_WORK TASK_: Ignore the pictures in the data below and set down exactly the lines from its first line through the line containing "Continuing on to".

Records from a collection
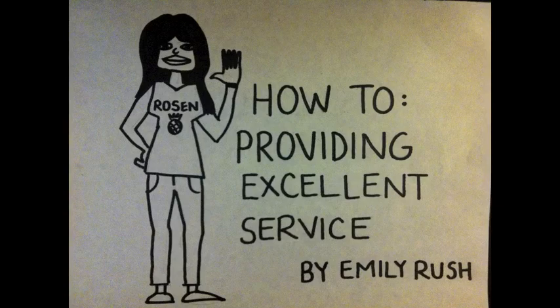Hi, my name is Emily and I'm here to present this training video for providing excellent service in the hotel industry. It's important to understand how your guest perceives your hotel and make sure that you're giving them the best day possible through successful customer service. I've also done all the drawings myself so I hope you enjoy.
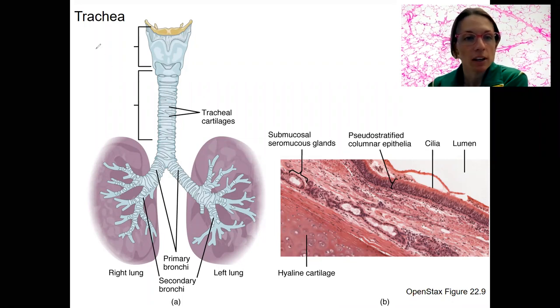Continuing on to the trachea, here's our larynx. We just saw this thyroid cartilage, hyoid bone, and the epiglottis would be hidden back here.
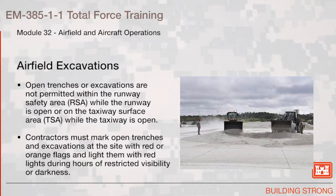Airfield Excavations. Open trenches or excavations are not permitted within the runway safety area while the runway is open, or on the taxiway surface area while the taxiway is open. Contractors must mark open trenches and excavations at the site with red or orange flags and light them with red lights during hours of restricted visibility or darkness.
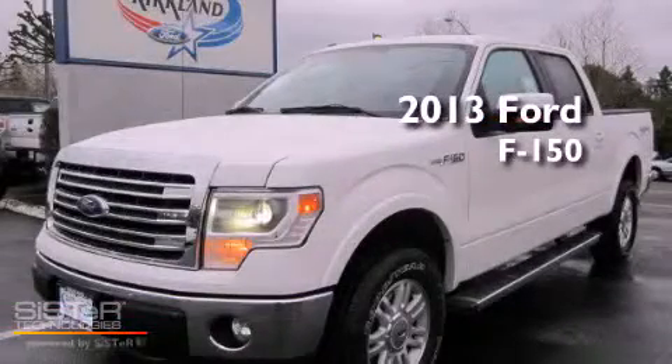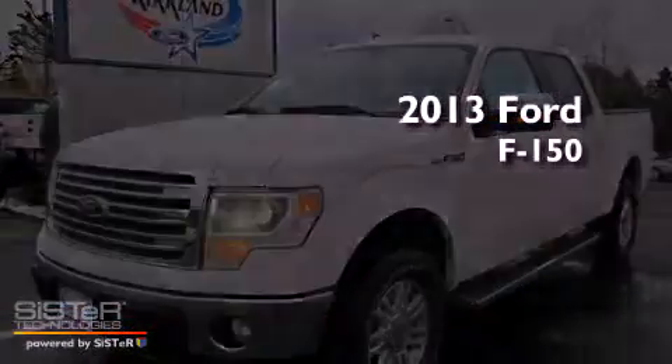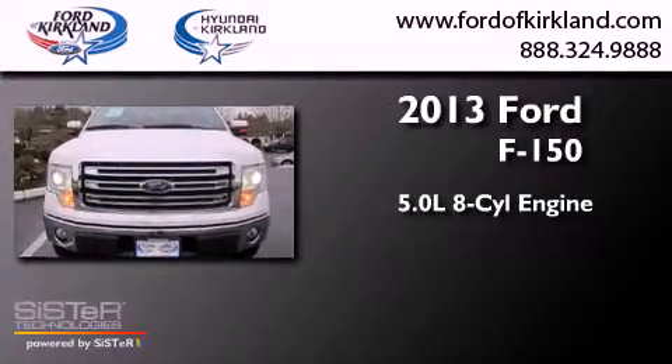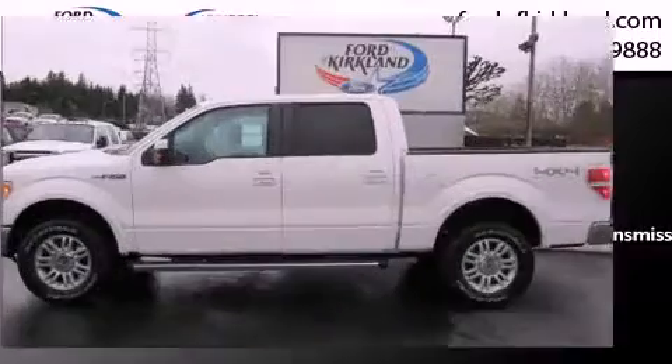This is a brand-new 2013 Ford F-150. It features a 5.0-liter, eight-cylinder engine, a six-speed automatic transmission, and four-wheel drive.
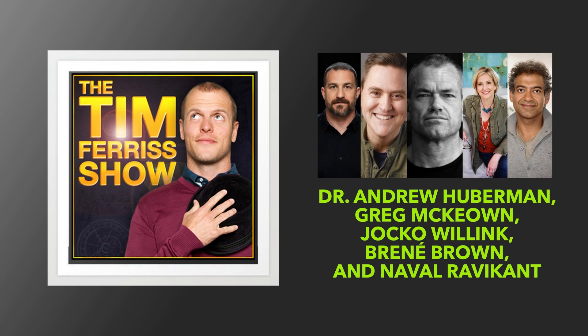The Tim Ferriss Show. Hello, boys and girls, ladies and germs. This is Tim Ferriss. Welcome to another episode of The Tim Ferriss Show, where it is usually my job to deconstruct world-class performers to tease out their routines, habits, etc., that you can apply to your own life. This episode is something different. It's an experimental format that I am super excited about, and apparently so are many of you. It's backed by popular demand.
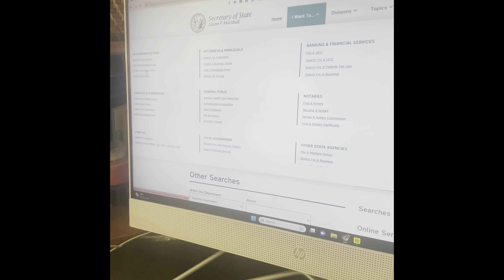If you click over here on 'file annual report online,' what you would do is scroll down a little. It's going to say 'click here to e-file an annual report.' So once you get on this page, you want to go ahead and type in your business name.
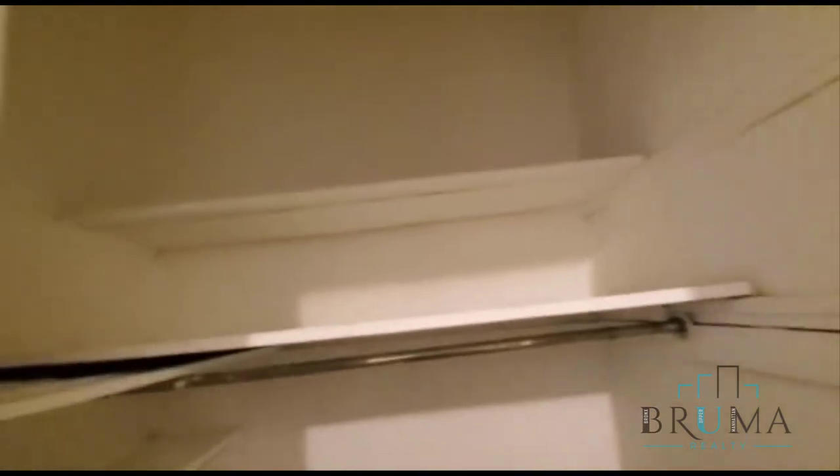This is a walk-in closet — very nice size. Then we have another closet in the foyer, also a very nice size closet.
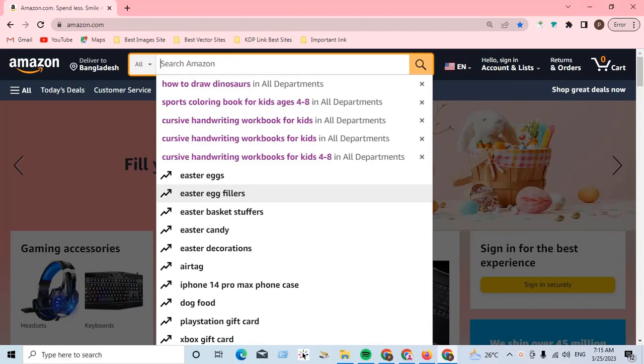Hello viewer, welcome back to my KDP low content channel. Today we want to show you one of the biggest coloring book niche ideas, only for you. So let's start.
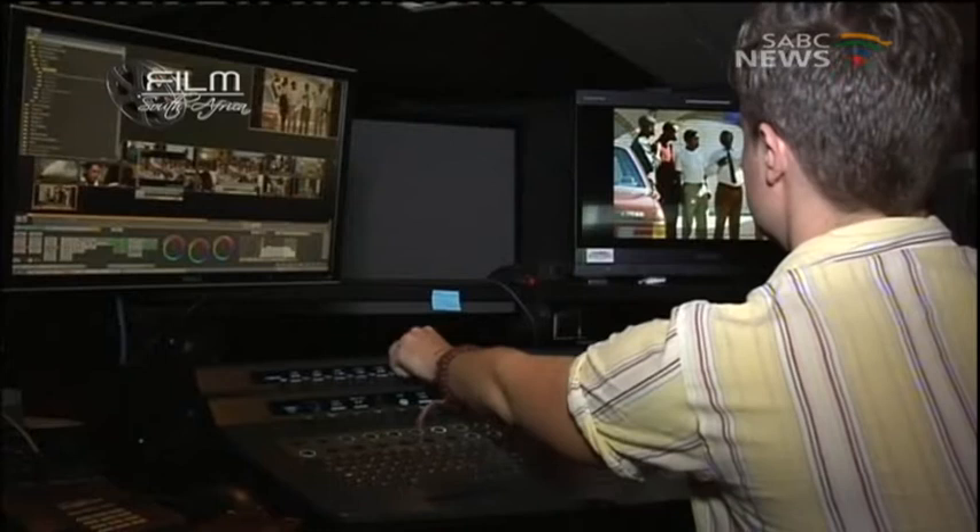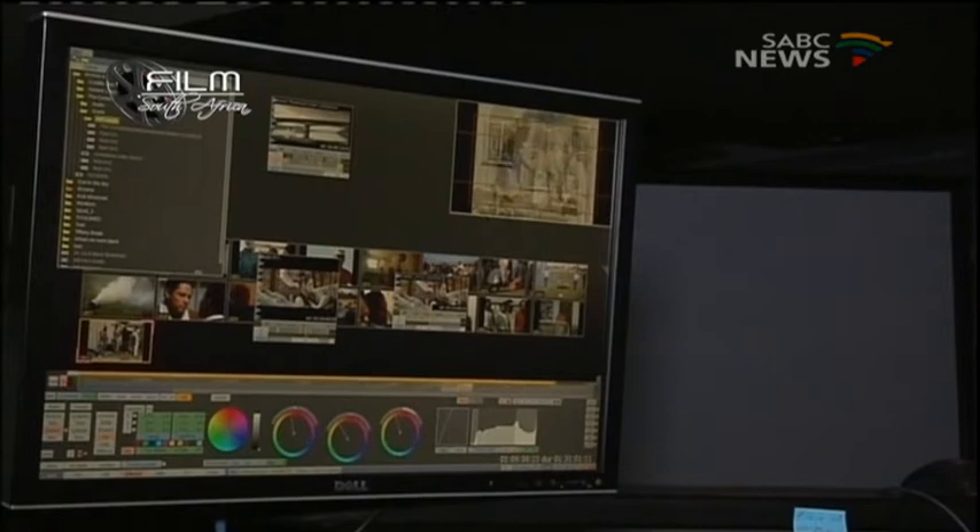Basically what happens is, once everything has been restored, once the sound is absolutely perfect, once the picture is clean and beautiful, it comes through into my suite here and we do what's called a final grade — and give it its ultimate final look that will then go out to the world.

_THE COMPLETED TASK_:
Hi, my name is Emily and I'm here to present this training video for providing excellent service in the hotel industry. It's important to understand how your guest perceives your hotel and make sure that you're giving them the best day possible through successful customer service. I've also done all the drawings myself so I hope you enjoy.
Continuing on to the trachea, here's our larynx. We just saw this thyroid cartilage, hyoid bone, and the epiglottis would be hidden back here.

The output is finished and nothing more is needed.